I am excited to report that on Monday, former wrestler and Minnesota governor Jesse Ventura filed a lawsuit against the TSA. He is asking for an injunction against their use of whole body imaging (strip search machines) and intrusive pat-downs.
In the complaint, he writes that Homeland Security Secretary Janet Napolitano and TSA chief John Pistole “have, and unless enjoined or restrained will continue to violate his rights under the Fourth Amendment to the United States Constitution to be free from unreasonable searches and seizures.” As the host of Conspiracy Theory on TruTV, he must travel frequently. Because of his hip replacement surgery, he sets off the metal detector every time he flies, and is now subjected to full-body scanners and pat-downs, even though prior to November, he had only been subjected to a “non-invasive magnetic hand-wand inspection.”

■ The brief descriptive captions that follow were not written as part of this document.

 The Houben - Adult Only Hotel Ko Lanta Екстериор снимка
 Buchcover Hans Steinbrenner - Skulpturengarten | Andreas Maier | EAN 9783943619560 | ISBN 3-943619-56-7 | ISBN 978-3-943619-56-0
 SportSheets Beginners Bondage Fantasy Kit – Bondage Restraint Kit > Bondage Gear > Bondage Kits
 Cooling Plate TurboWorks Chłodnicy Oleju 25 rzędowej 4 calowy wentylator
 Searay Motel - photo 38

“TSA and DHS have no factual basis to support any reasonable suspicion that Governor Ventura poses any threat to airline safety, nor does he in fact post any such threat,” he points out. In November 2010 he was selected for “additional security” and “was not free to leave the airport security area or to decline his scheduled flight to avoid additional screening, which is a seizure of his person, and he was subjected to a pat-down body search, which is a search of his person.”
The complaint continues,
“WBI violates Governor Ventura’s basic rights to dignity and privacy and his right to be free from unreasonable searches and seizures, because through generation of a three-dimensional image of his person in an unclothed state, which image is viewed by others and can be electronically stored, saved, reproduced and transmitted, the procedure is tantamount to a warrantless, non-suspicion-based, electronically-recorded strip search.
The WBIs…meet the definition of unlawful video voyeurism…and are demeaning and degrading…

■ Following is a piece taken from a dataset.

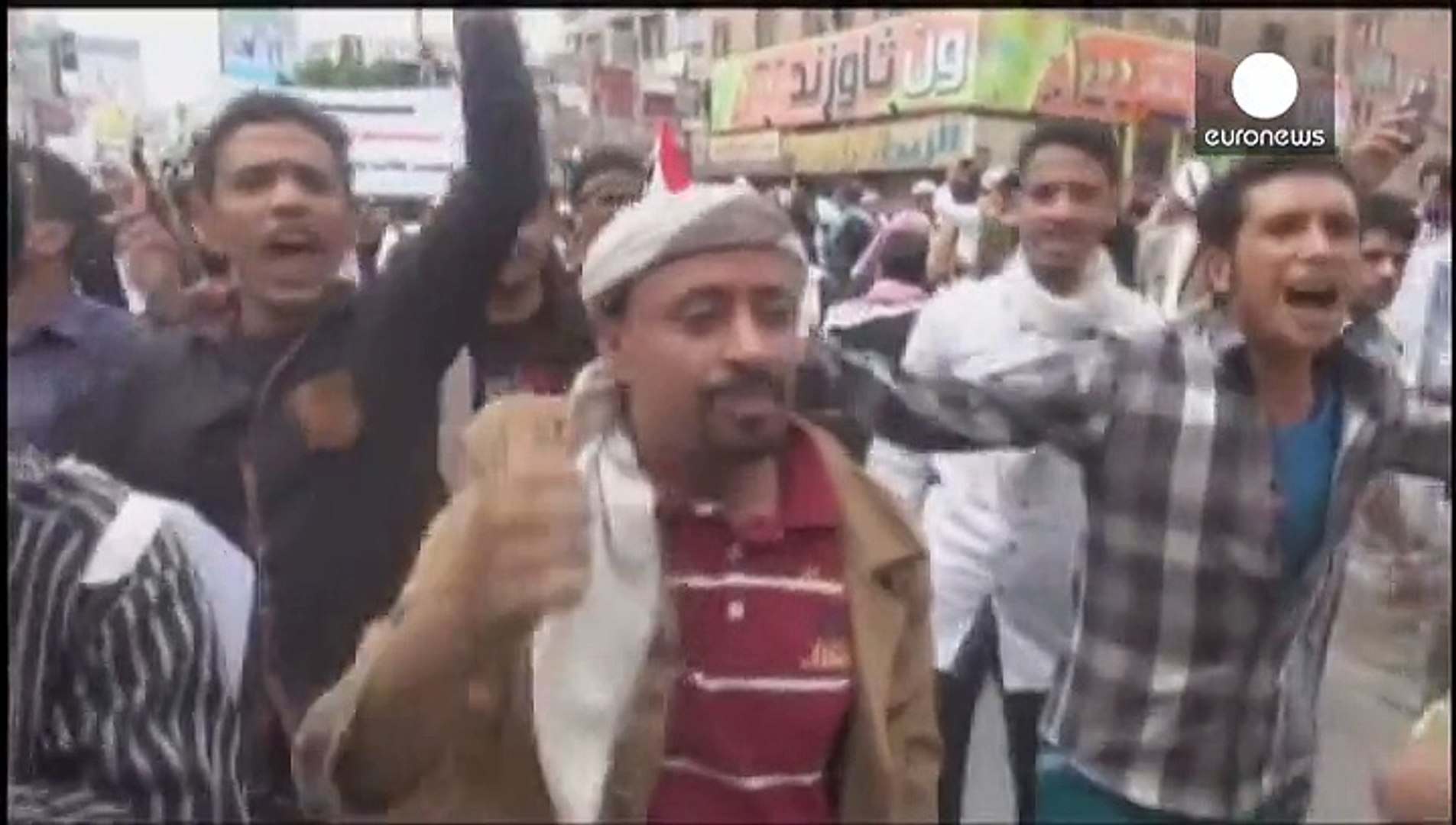 ⁣Ємен: депутати вирішать долю виконавчої влади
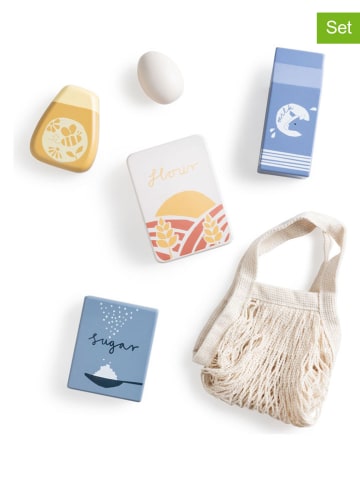 Sebra 6tlg. Einkaufsset - ab 12 Monaten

Pat-down body searches violate Governor Ventura’s basic rights to privacy and dignity, and his right to be free from unreasonable searches and seizures, because they include warrantless, non-suspicion-based offensive touching, gripping, and rubbing of the genital and other sensitive areas of his body.
The pat-down body searches…meet the definition for an unlawful sexual assault…and are demeaning and degrading.”
This might be the most high profile anti-TSA lawsuit yet, and I am so glad that Ventura decided to stand up for not only his rights, but the rights of all of us. I agree strongly with everything he says in the complaint. Go Jesse, go!